* [Problem statement] Below are entries; output exactly the lines from the one with "Sticky Asian-style sweet" to the one with "Child playing with", both included, and nothing else.

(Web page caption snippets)
◇ ◇ ◇ ◇

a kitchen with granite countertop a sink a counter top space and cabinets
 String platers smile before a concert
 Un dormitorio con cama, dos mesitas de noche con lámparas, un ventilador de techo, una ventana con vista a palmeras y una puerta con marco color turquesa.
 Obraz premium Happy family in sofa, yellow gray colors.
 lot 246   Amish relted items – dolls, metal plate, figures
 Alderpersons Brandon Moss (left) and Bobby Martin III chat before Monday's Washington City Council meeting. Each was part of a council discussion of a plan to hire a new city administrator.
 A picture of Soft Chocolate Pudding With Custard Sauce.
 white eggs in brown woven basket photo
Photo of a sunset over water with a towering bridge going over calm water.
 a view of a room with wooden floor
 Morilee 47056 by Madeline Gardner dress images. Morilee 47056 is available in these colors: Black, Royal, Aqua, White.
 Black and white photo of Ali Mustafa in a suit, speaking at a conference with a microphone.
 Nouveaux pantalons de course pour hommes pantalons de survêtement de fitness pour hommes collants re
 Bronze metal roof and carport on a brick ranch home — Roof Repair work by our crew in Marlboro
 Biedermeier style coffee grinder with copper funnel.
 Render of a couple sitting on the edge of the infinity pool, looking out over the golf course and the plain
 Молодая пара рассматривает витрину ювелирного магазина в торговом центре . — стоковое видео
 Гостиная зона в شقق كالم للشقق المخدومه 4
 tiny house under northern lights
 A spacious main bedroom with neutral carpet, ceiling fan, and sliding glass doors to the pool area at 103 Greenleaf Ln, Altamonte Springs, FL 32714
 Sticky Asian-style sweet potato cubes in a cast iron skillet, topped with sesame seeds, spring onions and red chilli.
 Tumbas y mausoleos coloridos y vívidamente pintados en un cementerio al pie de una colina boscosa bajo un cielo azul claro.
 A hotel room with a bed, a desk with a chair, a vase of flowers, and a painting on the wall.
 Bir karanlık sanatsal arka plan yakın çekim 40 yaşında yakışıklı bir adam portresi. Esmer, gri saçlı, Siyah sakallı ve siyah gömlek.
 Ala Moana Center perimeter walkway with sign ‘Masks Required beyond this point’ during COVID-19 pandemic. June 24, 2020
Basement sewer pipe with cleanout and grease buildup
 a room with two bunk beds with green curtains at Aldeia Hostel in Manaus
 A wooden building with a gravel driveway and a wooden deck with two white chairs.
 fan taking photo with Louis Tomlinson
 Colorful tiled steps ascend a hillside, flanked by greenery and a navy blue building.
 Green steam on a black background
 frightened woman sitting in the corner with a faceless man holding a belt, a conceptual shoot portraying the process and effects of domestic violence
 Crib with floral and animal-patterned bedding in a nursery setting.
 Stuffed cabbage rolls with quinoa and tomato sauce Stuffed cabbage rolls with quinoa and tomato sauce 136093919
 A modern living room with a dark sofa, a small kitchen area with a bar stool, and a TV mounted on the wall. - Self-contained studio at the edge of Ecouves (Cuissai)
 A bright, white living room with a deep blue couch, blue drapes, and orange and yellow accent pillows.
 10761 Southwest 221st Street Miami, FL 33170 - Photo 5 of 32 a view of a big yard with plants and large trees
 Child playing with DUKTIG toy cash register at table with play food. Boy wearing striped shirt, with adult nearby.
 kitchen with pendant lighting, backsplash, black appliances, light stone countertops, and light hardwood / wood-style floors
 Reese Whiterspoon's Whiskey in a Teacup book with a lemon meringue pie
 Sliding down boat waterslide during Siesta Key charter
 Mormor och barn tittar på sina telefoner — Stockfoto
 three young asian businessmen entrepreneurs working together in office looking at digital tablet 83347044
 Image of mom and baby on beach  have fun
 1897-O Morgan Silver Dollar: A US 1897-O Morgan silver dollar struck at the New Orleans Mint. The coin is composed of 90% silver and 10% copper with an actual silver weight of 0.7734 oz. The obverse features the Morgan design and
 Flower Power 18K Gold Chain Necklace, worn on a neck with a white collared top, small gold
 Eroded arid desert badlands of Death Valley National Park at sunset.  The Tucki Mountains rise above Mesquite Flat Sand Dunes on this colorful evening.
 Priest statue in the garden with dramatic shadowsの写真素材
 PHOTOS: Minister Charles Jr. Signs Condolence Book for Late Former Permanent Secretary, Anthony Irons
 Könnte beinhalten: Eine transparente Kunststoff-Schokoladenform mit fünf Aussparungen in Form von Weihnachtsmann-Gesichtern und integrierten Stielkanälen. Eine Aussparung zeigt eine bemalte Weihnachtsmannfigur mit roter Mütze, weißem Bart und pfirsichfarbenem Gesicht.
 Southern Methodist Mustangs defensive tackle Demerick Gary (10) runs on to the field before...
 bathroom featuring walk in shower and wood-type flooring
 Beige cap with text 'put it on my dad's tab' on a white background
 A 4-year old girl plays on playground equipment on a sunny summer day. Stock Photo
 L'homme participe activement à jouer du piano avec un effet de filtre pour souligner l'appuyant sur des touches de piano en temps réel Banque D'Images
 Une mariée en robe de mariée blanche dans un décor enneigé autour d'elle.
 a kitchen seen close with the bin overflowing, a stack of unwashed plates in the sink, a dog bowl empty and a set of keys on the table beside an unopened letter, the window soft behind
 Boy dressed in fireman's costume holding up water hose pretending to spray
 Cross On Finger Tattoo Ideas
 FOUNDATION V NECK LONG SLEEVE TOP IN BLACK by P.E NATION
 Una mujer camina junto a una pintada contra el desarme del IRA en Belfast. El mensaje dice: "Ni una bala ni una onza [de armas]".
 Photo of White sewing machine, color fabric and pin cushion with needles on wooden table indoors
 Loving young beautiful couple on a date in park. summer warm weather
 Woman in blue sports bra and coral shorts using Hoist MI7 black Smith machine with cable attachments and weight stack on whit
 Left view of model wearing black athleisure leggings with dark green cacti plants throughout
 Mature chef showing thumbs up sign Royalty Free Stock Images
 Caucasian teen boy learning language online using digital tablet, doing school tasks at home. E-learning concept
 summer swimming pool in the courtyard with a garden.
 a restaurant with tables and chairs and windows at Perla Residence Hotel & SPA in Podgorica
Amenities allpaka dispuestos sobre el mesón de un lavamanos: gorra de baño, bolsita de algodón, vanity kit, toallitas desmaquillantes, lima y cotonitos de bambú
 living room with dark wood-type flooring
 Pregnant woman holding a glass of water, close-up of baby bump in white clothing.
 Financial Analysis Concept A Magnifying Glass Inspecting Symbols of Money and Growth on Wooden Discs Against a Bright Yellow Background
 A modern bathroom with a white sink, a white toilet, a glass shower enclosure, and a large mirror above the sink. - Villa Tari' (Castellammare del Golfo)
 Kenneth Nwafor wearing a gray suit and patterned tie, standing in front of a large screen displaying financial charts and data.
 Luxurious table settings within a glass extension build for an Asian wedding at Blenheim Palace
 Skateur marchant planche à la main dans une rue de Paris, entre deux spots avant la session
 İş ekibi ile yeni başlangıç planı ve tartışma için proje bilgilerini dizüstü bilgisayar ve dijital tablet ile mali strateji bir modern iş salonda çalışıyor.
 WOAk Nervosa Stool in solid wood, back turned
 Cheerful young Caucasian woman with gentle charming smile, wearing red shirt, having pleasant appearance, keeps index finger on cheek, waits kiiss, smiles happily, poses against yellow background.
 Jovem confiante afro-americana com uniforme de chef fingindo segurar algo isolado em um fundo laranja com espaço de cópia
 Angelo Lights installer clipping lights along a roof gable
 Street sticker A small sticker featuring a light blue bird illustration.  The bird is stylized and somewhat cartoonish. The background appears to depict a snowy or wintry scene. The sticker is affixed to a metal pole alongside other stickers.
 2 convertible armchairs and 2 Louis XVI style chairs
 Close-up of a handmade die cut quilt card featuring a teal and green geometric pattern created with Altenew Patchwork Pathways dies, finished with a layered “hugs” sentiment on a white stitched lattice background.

◇ ◇ ◇ ◇

* [Written solution]
 Sticky Asian-style sweet potato cubes in a cast iron skillet, topped with sesame seeds, spring onions and red chilli.
 Tumbas y mausoleos coloridos y vívidamente pintados en un cementerio al pie de una colina boscosa bajo un cielo azul claro.
 A hotel room with a bed, a desk with a chair, a vase of flowers, and a painting on the wall.
 Bir karanlık sanatsal arka plan yakın çekim 40 yaşında yakışıklı bir adam portresi. Esmer, gri saçlı, Siyah sakallı ve siyah gömlek.
 Ala Moana Center perimeter walkway with sign ‘Masks Required beyond this point’ during COVID-19 pandemic. June 24, 2020
Basement sewer pipe with cleanout and grease buildup
 a room with two bunk beds with green curtains at Aldeia Hostel in Manaus
 A wooden building with a gravel driveway and a wooden deck with two white chairs.
 fan taking photo with Louis Tomlinson
 Colorful tiled steps ascend a hillside, flanked by greenery and a navy blue building.
 Green steam on a black background
 frightened woman sitting in the corner with a faceless man holding a belt, a conceptual shoot portraying the process and effects of domestic violence
 Crib with floral and animal-patterned bedding in a nursery setting.
 Stuffed cabbage rolls with quinoa and tomato sauce Stuffed cabbage rolls with quinoa and tomato sauce 136093919
 A modern living room with a dark sofa, a small kitchen area with a bar stool, and a TV mounted on the wall. - Self-contained studio at the edge of Ecouves (Cuissai)
 A bright, white living room with a deep blue couch, blue drapes, and orange and yellow accent pillows.
 10761 Southwest 221st Street Miami, FL 33170 - Photo 5 of 32 a view of a big yard with plants and large trees
 Child playing with DUKTIG toy cash register at table with play food. Boy wearing striped shirt, with adult nearby.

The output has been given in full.